The ALJ has a basic obligation both to develop a full and fair record and to “build an accurate and logical bridge between the evidence and the result [so as] to afford the claimant meaningful judicial review of the administrative findings.” Beardsley, 758 F.3d at 837. Although the ALJ is not required to mention every piece of evidence in the record, the ALJ's analysis “must provide some glimpse into the reasoning behind[his] decision to deny benefits.” Zurawski v. Halter, 245 F.3d 881, 889 (7th Cir. 2001); accord Craft v. Astrue, 539 F.3d 668, 673 (7th Cir. 2008). The ALJ “must explain [the ALJ's] analysis of the evidence with enough detail and clarity to permit meaningful appellate review.” Scrogham v. Colvin, 765 F.3d 685, 695 (7th Cir. 2014) (quoting Briscoe, 425 F.3d at 351). Thus, even if reasonable minds could differ as to whether the claimant is disabled, courts will affirm a decision if the ALJ's opinion is adequately explained and supported by substantial evidence. Elder, 529 F.3d at 413.

II. Analysis

Plaintiff argues that the ALJ (1) erred at step 3 by not finding that Listing 12.05 (concerning intellectual disorders) was equaled or met, (2) erred in evaluating Plaintiff's subjective symptom statements, (3) improperly cherry-picked evidence from the consultative examinations in determining Plaintiff's RFC, and (4) failed to support the finding at step 5 that Plaintiff could work. [Dkt. 23, Pl.'s Mem. at 7-15; dkt. 42, Pl.'s Reply at 1-5.] The Commissioner argues in opposition that the ALJ properly supported her conclusions at each step of her analysis with substantial evidence. [Dkt. 39, Def.'s Mem. at 7-19.] For the reasons that follow, the Court affirms the ALJ's decision.

A. Listing 12.05

Plaintiff argues that the ALJ erred at step 3 by improperly determining that Listing 12.05 was neither equaled nor met. [Pl.'s Br. at 8-11.] As relevant here, Listing 12.05B requires a fullscale IQ score of 71-75 as well as a verbal or performance IQ score of 70 or below and “significant deficits in adaptive functioning currently manifested by extreme limitation of one, or marked limitation of two,” of the 4 listed areas of mental functioning: (1) understanding, remembering, or applying information; (2) interacting with others; (3) concentrating, persisting, or maintaining pace; and (4) adapting or managing oneself. 20 C.F.R. Pt. 404, Subpt. P, App. 1, § 12.05. As the ALJ explained, “[a] marked limitation means functioning in this area independently, appropriately, effectively and on a sustained basis is seriously limited.” [R. 17.] Because the ALJ found that Plaintiff met the IQ-score prong, only the adaptive-functioning prong is at issue. [R. 19.] Plaintiff contends that the ALJ erroneously concluded that Plaintiff “ha[d] no more than moderate limitations in his adaptive functioning,” rather than marked limitations, by committing numerous errors in evaluating each of the 4 areas of mental functioning. [Pl.'s Mem. at 8-11.] The Court evaluates the ALJ's decision under the highly deferential substantial-evidence standard, and concludes that Plaintiff's contentions are unavailing because they amount to a mere disagreement with the ALJ's weighing of the record evidence. See Beardsley, 758 F.3d at 836-37.

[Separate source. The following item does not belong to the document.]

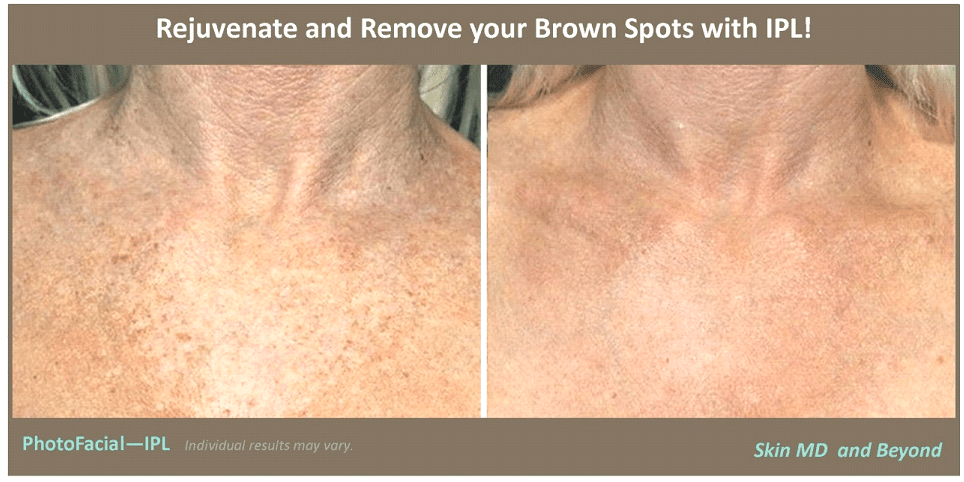 Before & After Image of Neck Rejuvenation IPL Photofacial Plano TX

First, as to understanding, remembering, and applying information, Plaintiff takes issue with the ALJ's finding of a moderate limitation, but acknowledges that the ALJ evaluated evidence on which Plaintiff now relies: Plaintiff had cognitive delays as shown by his school records, needed instructions repeated, and had some memory deficits during treatment. [Pl.'s Br. at 9-10; see R. 17 (citing 532-600 (school records), 368-69, 373, 382, 386-87, 401, 406, 413-14, 422-32 (treatment notes)).] The ALJ concluded, however, that this evidence did not warrant greater than a moderate limitation when considered alongside reports of Plaintiff's memory being “generally intact” throughout his treatment and his 2012 diagnosis of borderline intellectual functioning. [R. 17 (citing R. 468 (treatment note), 631 (2012 consultative examination)).] Although Plaintiff would have preferred that the ALJ emphasized the earlier testing and reports from school and the treatment reports that his memory was impaired, the ALJ instead looked at all the evidence and placed more weight on the treatment reports of intact memory and Plaintiff's more recent diagnosis of borderline intellectual functioning, [R. 631, 635], as opposed to a more severe condition, like an intellectual disability. Based on this record and the deferential standard, the Court cannot conclude that the ALJ committed error in finding that any intellectual and memory deficits caused no more than a moderate limitation on Plaintiff's ability to understand, remember, and apply information. See Beardsley, 758 F.3d at 836-37 (the Court reviews the record as a whole to determine whether substantial evidence exists, but cannot substitute its judgment for the ALJ's by reweighing the evidence).

Borderline intellectual functioning is a “[d]isability marked by deficits in adaptive, intellectual, or social and interpersonal functioning that do not meet accepted criteria for intellectual disability or mental retardation.” Borderline Intellectual Functioning, TABER'S MEDICAL DICTIONARY, available at https://www.tabers.com/tabersonline/view/Tabers-Dictionary/773834/0/borderlineintellectualfunctioning?q=borderline+functioning+intellectual (last visited July 8, 2022).

Second, Plaintiff cites his own subjective reports in asserting that the ALJ should have found that he had a marked limitation in interacting with others. [Pl.'s Br. at 10.] But the ALJ indeed considered evidence that Plaintiff had social difficulties: records reflected that Plaintiff had difficulty being around groups and others because he is not social, isolates himself, engages in solitary activities, and doesn't go out by himself. [R. 17 (citing R. 342-43 (October 2016 consultative examination), 366 (November 2016 progress note), 469 (November 2016 progress note)).] The ALJ also considered, however, contrary evidence that Plaintiff could socialize on a limited basis: Plaintiff lived with his brother for a time, babysat his brother's kids occasionally during that time, attended therapy, talked to his cousins, and had friends in school. [R. 17; see R. 43 (Plaintiff's testimony), 374 (February 2018 treatment note), 633 (school record).] Ultimately, after reviewing the record, the ALJ determined that only a moderate limitation in interacting with others was appropriate, and the Court finds no reason to disturb that conclusion given the deferential standard of review. [R. 17.]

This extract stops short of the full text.